Posted: Thu Feb 08, 2007 11:22 am
by XCHG
Just to add a few points to [JAAman]'s post, the PUSHA instruction does *not* push 32-bit registers. Instead, it pushes the 16-bits registers that are Accumulator (AX), Base Index (BX), Count Register (CX), Data Register (DX), Stack Pointer (SP), Base Pointer (BP), Source Index (SI) and last but not least, Destination Index (DI).

The 32-bit equivalent of the PUSHA instruction is the PUSHAD. They have POP versions also as in POPA and POPAD for 16-bit and 32-bit registers, respectively.

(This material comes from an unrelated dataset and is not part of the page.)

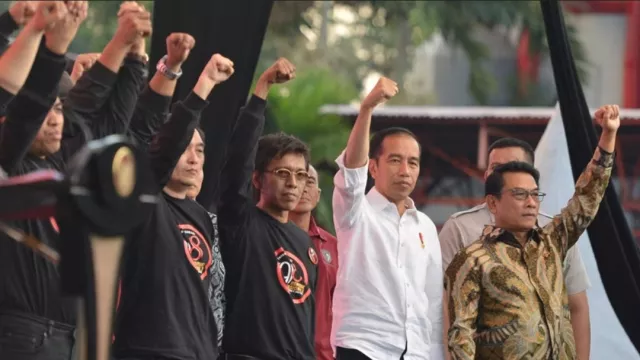 Direktur Voxpol: Pendukung Jokowi Beralih Kepada Ganjar Pranowo - GenPI.co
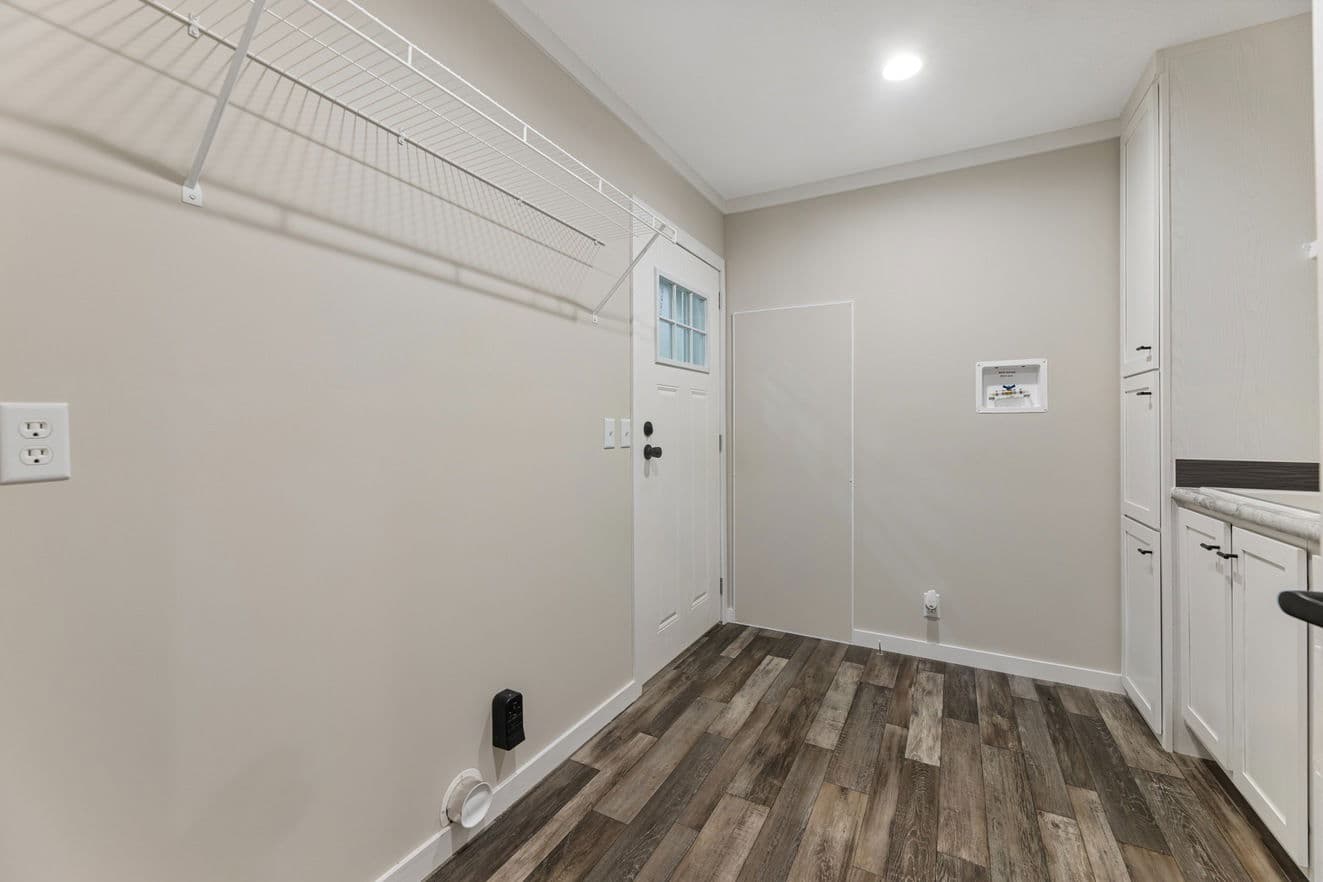 Stratos 28643b interior home features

The combination of PUSHA and POPA instructions took 17 clock cycles to execute on my PIII 800 MHZ machine while the code segment was aligned on a DWORD boundary. I checked it on a WORD boundary and it yielded the same result. The PUSHAD and POPAD versions of this instruction took 2 clock cycles more on the same CPU, for 19 clock cycles in total.

The combination of consecutive PUSH instructions followed by POP instructions to do the same job as PUSHAD and POPAD, manually, took 20 clock cycles for the same machine. I have not checked the 16-bit registers sequential PUSH and POPs but I guess they would take more clock cycles to execute due to partial register access stalls.

Posted: Thu Feb 08, 2007 11:54 am
by digo_rp
guys I sayd pusha and popa but the nasm choose the right one
as I´m working on 32bits pmode nasm uses pushad and popad

is that right ?

so, I should use pushad and popad
?

and not push eax, ecx, blah blah blah ? <- that one should takes more cycle of clock?

Posted: Thu Feb 08, 2007 12:47 pm
by JAAman
XCHG wrote:Just to add a few points to [JAAman]'s post, the PUSHA instruction does *not* push 32-bit registers. Instead, it pushes the 16-bits registers that are Accumulator (AX), Base Index (BX), Count Register (CX), Data Register (DX), Stack Pointer (SP), Base Pointer (BP), Source Index (SI) and last but not least, Destination Index (DI).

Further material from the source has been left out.